((

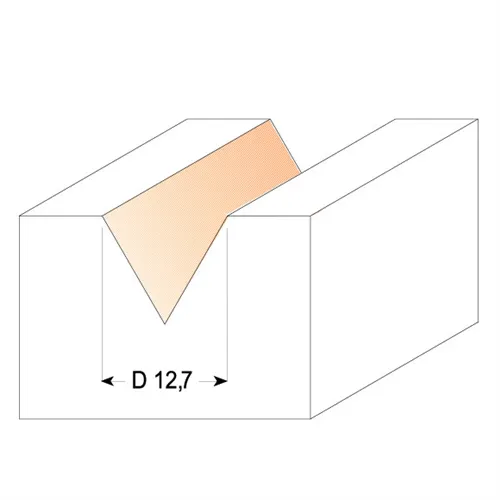 CMT V Horonymaró - 60° D12,7x11 60° S=6 HW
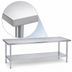 Thumbnail image #3 for Duke 144-Inch Stainless Steel Work Table with Undershelf, 24-Inch Deep, 36-Inch High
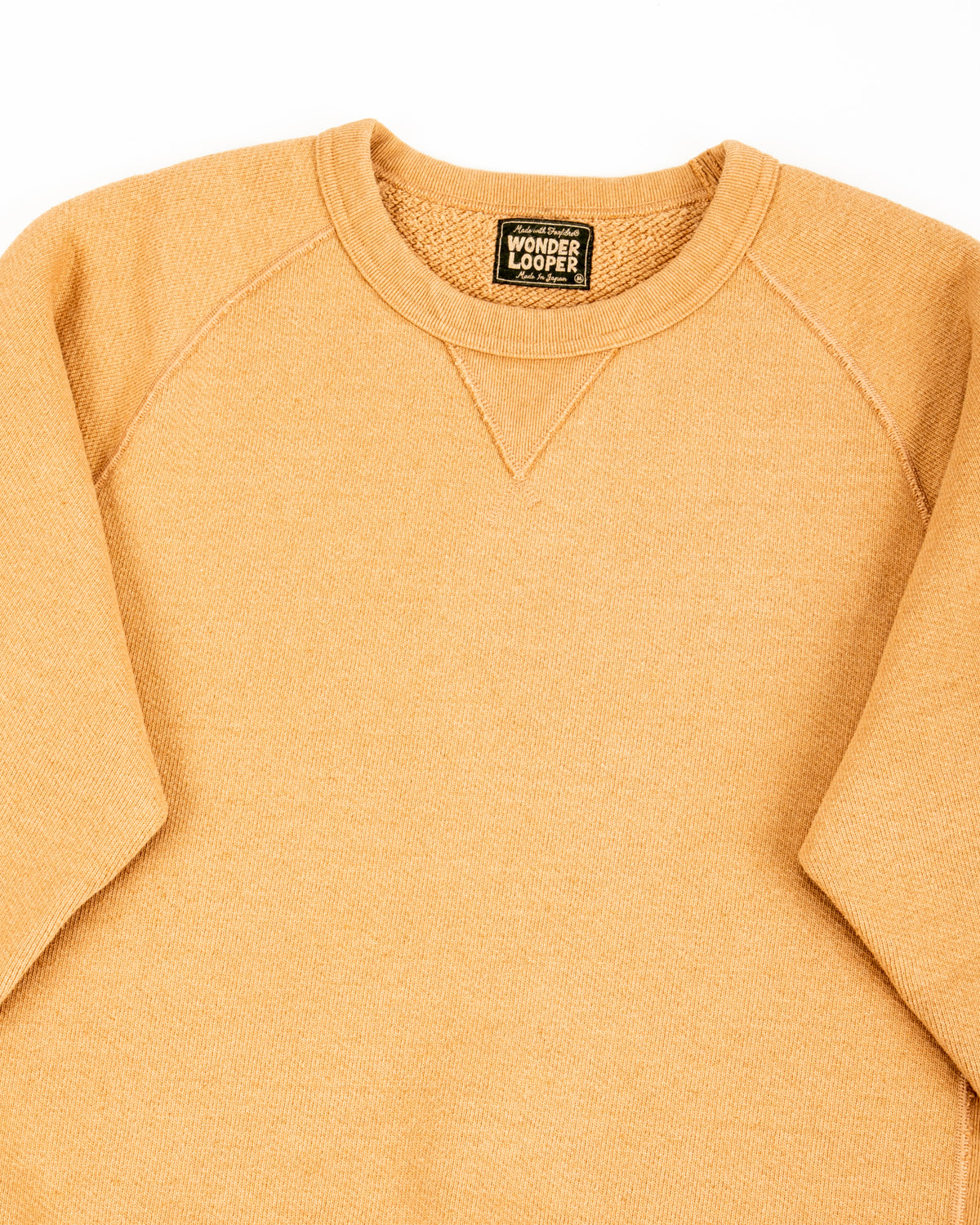 Wonder Looper Foxfibre® Double Heavyweight French Terry Pullover Crewneck - Coyote 80 - Standard & Strange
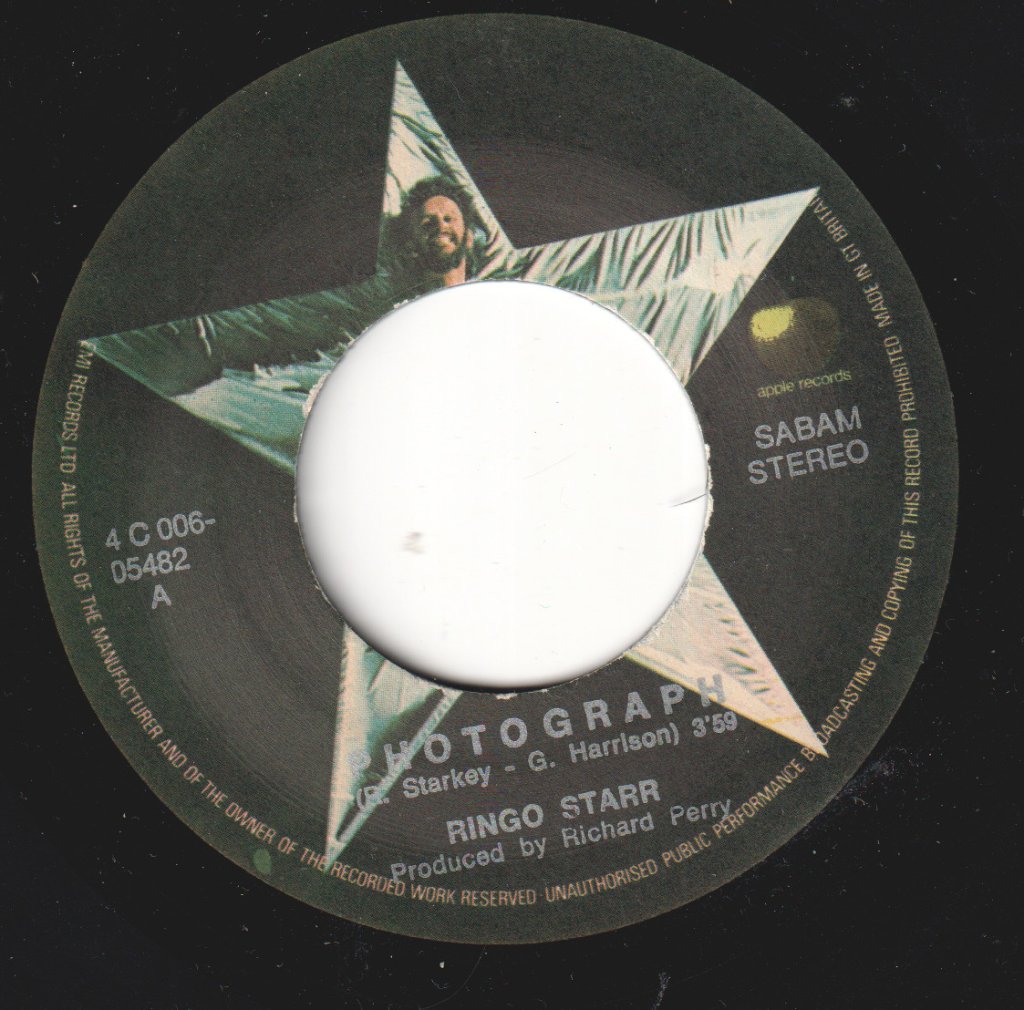 Ringo Starr - Photograph - 7 Inch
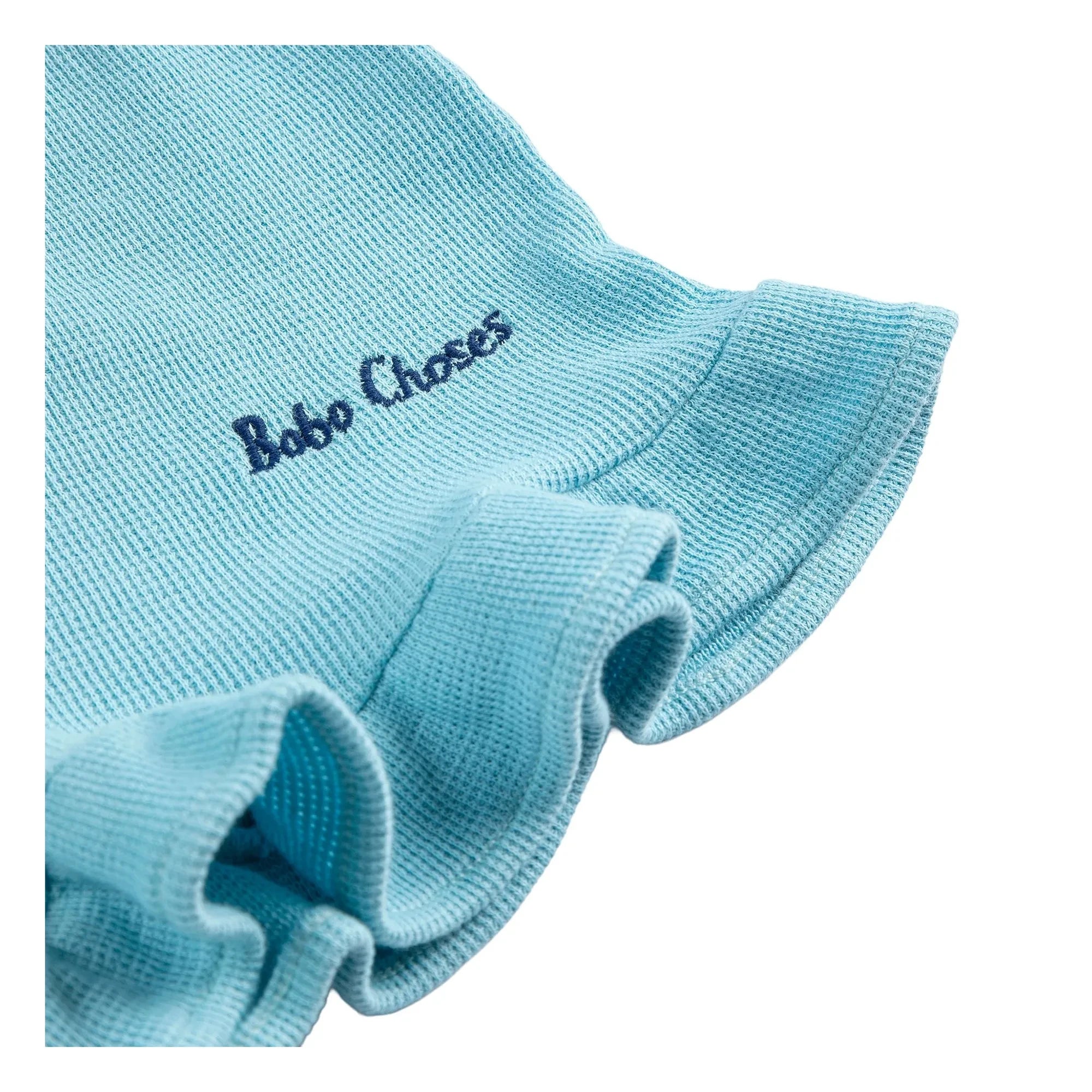 Bobo Choses - Bobo Choses Organic Cotton Ruffled Shorts | Light Blue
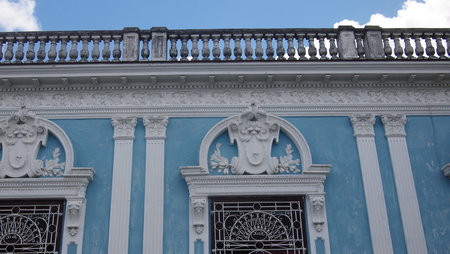 Beautiful elements of architecture and views of Sancti Spiritus, Cuba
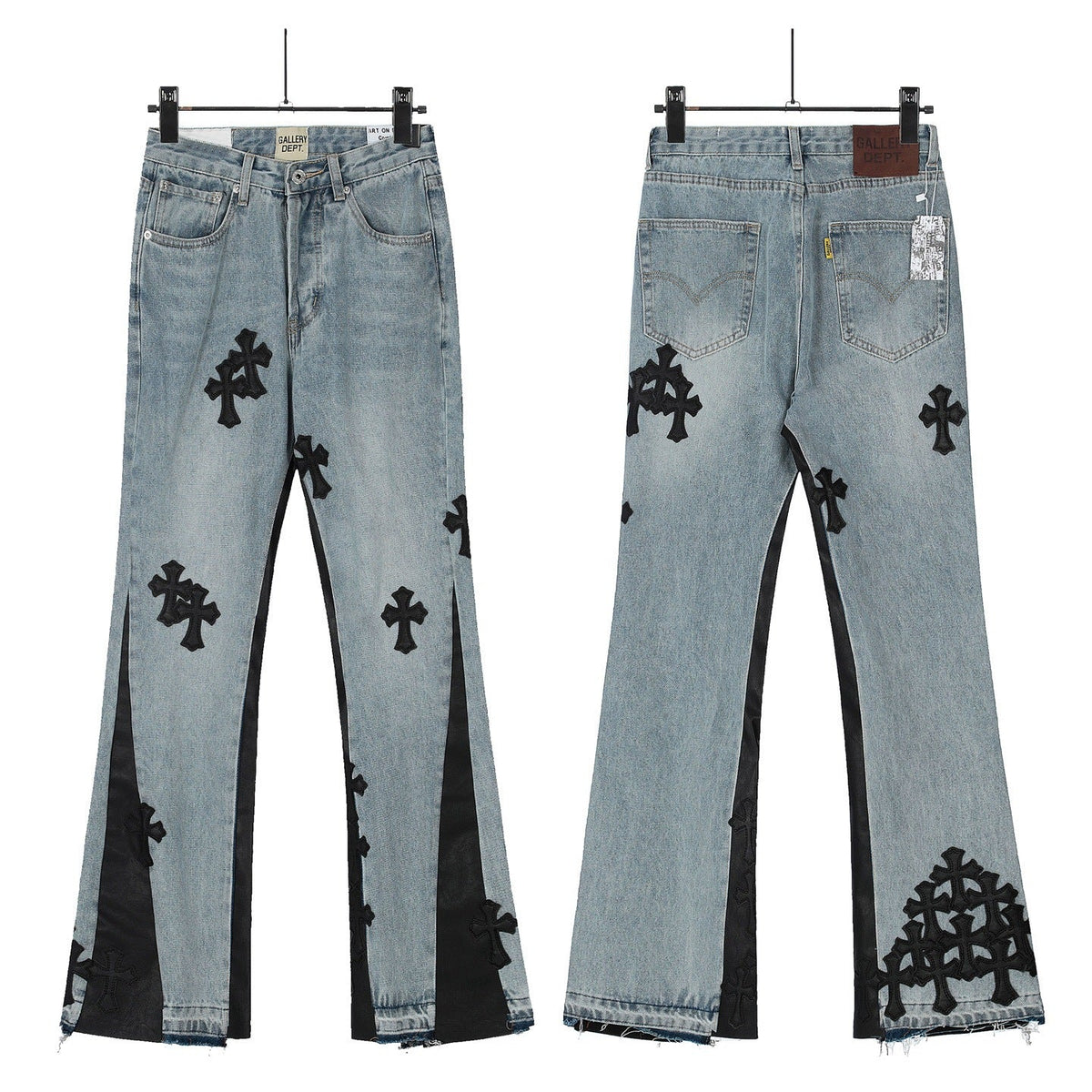 Chrome Hearts Colorful Cross Leather Jacket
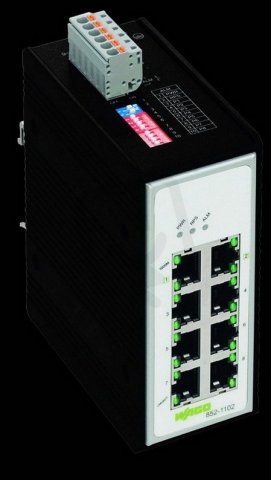 Průmyslový switch 8 portů 1000Base-T černá WAGO 852-1102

))

* _THE PROBLEM_:
Only the lines from the one containing "Wonder Looper Foxfibre®" through the final line of the data should be given again, exactly and without pictures.

* _EXERCISE OUTPUT_:
 Wonder Looper Foxfibre® Double Heavyweight French Terry Pullover Crewneck - Coyote 80 - Standard & Strange
 Ringo Starr - Photograph - 7 Inch
 Bobo Choses - Bobo Choses Organic Cotton Ruffled Shorts | Light Blue
 Beautiful elements of architecture and views of Sancti Spiritus, Cuba
 Chrome Hearts Colorful Cross Leather Jacket
 Průmyslový switch 8 portů 1000Base-T černá WAGO 852-1102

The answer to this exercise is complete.